I’d like to raise as a discussion topic the question of what the data are that we are trying to explain in generative phonology. In my view, the lack of clarity about this issue is a bigger foundational issue in our field than the lack of clarity about the goals we are pursuing, one of the discussion points I raised in my mfm fringe workshop presentation. It’s also a foundational issue not only for what I called Classical Universal Phonology in that presentation, but for just about any approach to phonology one can imagine. I should be clear that I don’t think that there needs to be a uniform set of data or goals. Rather, I think we’d be making quicker progress towards our broader shared goals of understanding the formal structure of phonologies, and explaining learning and typology, if we made our commitments in these respects more explicit in our work.
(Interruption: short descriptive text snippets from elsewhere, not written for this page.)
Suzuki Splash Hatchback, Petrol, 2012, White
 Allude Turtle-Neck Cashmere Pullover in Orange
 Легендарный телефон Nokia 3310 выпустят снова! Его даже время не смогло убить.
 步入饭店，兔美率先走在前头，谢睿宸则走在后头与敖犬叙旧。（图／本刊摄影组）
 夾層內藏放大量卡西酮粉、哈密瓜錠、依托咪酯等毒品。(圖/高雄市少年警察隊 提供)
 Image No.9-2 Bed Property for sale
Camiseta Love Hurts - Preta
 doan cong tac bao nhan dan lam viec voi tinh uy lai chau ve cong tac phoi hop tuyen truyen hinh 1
To get the discussion going, let me repeat the worry I expressed in the mfm fringe discussion, and mention some other data-related points that came up. When Marc van Oostendorp pressed me on my assertion that data issues were foundational issues, I brought up the lack of a definition of productivity as an example. It’s unfortunately too common that when an analysis or theory fails to capture some data pattern, the claim is made that the pattern is unproductive (e.g. that there are exceptions, that there are no alternations or that they are limited in some way, etc.), without applying the same scrutiny and criteria to the data that the theory is capturing. Probably even more common is that exceptions or variation are abstracted from, again without any clear criteria on when that can be done. My own belief is that productivity is gradient (see Hayes’ textbook ch. 9), and that we need theories that capture that gradience. But whether we are working with theories that are categorical or gradient in this respect, we need to define productivity if we are going to use it as a criterion for what data we need to explain.
In his question period at the fringe, Michael Becker pressed his interlocutors to provide evidence that the generalizations they saw in existing alternations were in fact encoded as generalizations in speakers’ minds. Becker’s approach, like that of a lot of other current work, is to test productivity experimentally. I’m on board with that program, but I’m also on board with good old analysis of corpus data (where ‘corpus’ includes the data from grammars and dictionaries that phonologists typically study), and I’m starting to get worried about what to do when the two sets of data point in very different directions. For example, the ‘stress heavy if penult’ part of the Latin stress rule is a nearly exception-free pattern in unsuffixed nouns in English. But as Claire Moore-Cantwell (p.c.) reports, it seems that it’s not particularly productive in nonce word productions/judgments. Claire has some good ideas about how to relate the corpus data to the judgments via learning, but it’s clear that the grammar is going to look very different from those posited for English from Chomsky and Halle (1968) onwards.
Wendell Kimper mentioned in his talk the issue that the set of attested human languages appears to be a small sample from the space of possible human languages. There are various kinds of statistical measures and data controls that we can use to determine how robust the typological generalizations are that we observe. But Kimper also reports that vowel harmony looked at that way may provide relatively little information, since many of the patterns of each type of harmony come from the same language families. My gut feeling, like Wendell’s I think, is that in those circumstances we should still keep going with the usual practice of just making an attested/unattested cut, and hoping that we are modeling signal rather than noise. But it is a worry, and probably one of the reasons that it’s good that we’re not putting all of our eggs in the typology modeling basket. A possible strategy is to focus on typological claims with a relatively large scope, for example, the size of stress windows, or the absence of sour grapes-style harmony (and the presence of spreading up to a blocker).